It’s rare that a government report provides such fascinating reading. But there are true gems in the 2010 lighting report the Department of Energy released today.
Mostly, I was scanning it to see what was up in the residential area — plenty, it turns out — and how I measured up.
I love lighting to begin with. It’s changing so fast, and I’m in a constant race to see how little energy I can expend on it in my own home. I buy energy efficient bulbs. I flip switches. The instant I’m in the front door at night, the porch light goes off.
But still ...
Since 2001, the average number of light sockets has risen from 43 per household to 51.
Don’t believe it? Count ‘em. And the six bulbs in the dining room chandelier counts as six, not as one.
We not only have more sockets, but also more households. So residential lighting turns out to be the main reason that the total number of lamps in “stationary” applications — in our buildings, as opposed to our cars, for example — has risen from less than 7 billion in 2001 to more than 8 billion in 2010.
Guess which type of room has more lights. Bathrooms.
They lead the pack at 8.9 lights per house — although this is partly because many homes have multiple bathrooms. So it’s not 8.9 lights per bathroom. But, heck, one of my bathrooms has four: one in the shower and three over the sink. Not counting the night light.
Bedrooms are next with 8.2 lights, on average. Living rooms have 6.5 and kitchens, 6.4.
But in the U.S. we have, at long last, started to embrace energy efficiency in household lighting.
Although 62 percent of household bulbs in the U.S. are incandescents, nearly a quarter of them — 23 percent — are CFLs. Most of these are in basements, followed closely by living rooms, bedrooms and offices.
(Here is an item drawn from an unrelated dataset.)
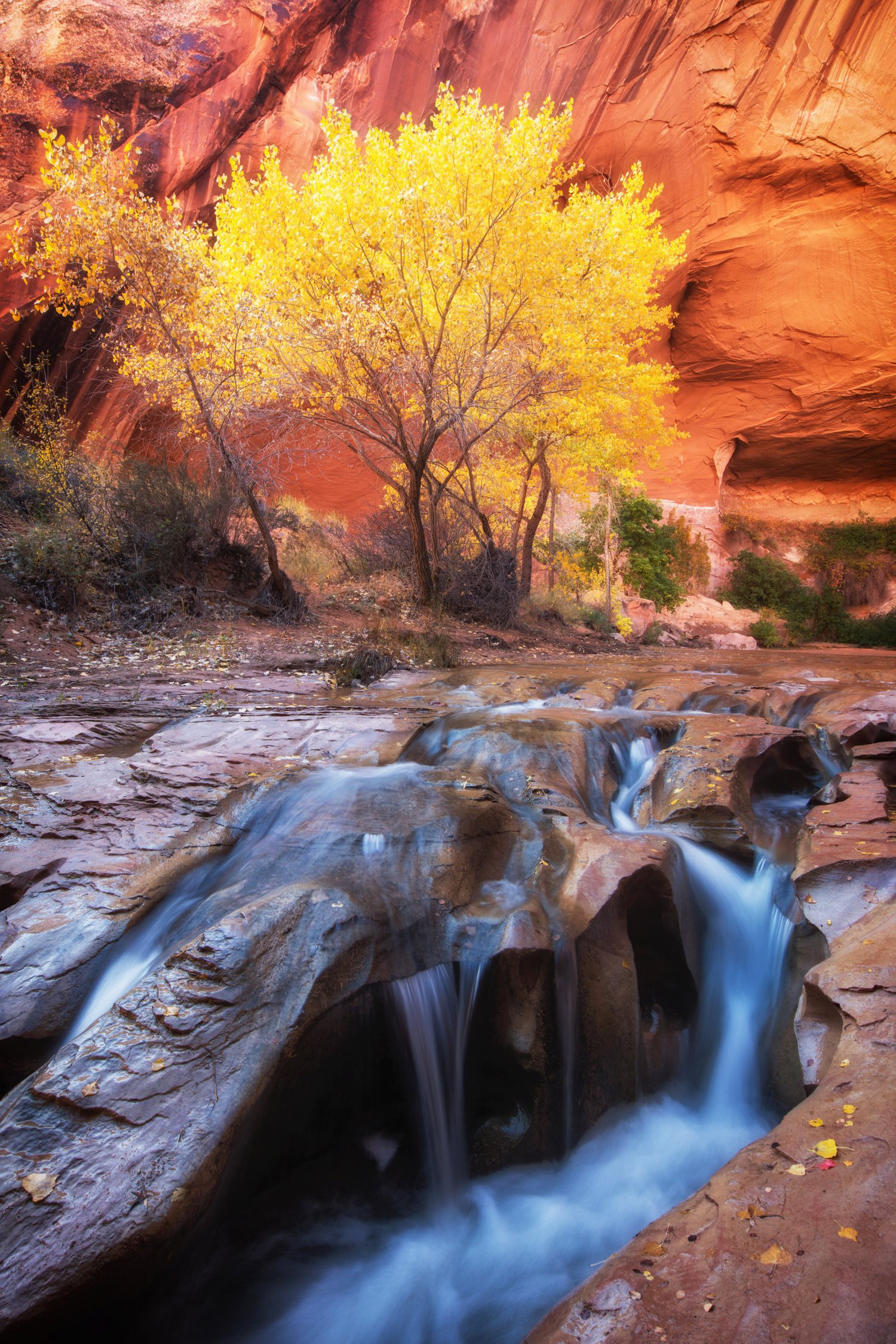 Image of Autumn in the Gulch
Overall, CFLs “seem to be significant players in almost every room type,” the report noted.
Next on the use scale is linear fluorescents, which made up 10 percent of household lighting.
Poor LEDs weren’t even counted, except in the “other” category, which amounted to one percent.
The type of light that is left on for the longest is exterior lights, at 2.6 hours per day. So I guess that says something about our security concerns.
Kitchens were next at 2.3 hours, which might say something about family companionship ... or obesity.
Overall, the electricity for lighting — for commercial, industrial, residential and outdoor uses — accounts for nearly a fifth of electricity use in the U.S.
Which means there’s plenty of room for improvement, it seems to me.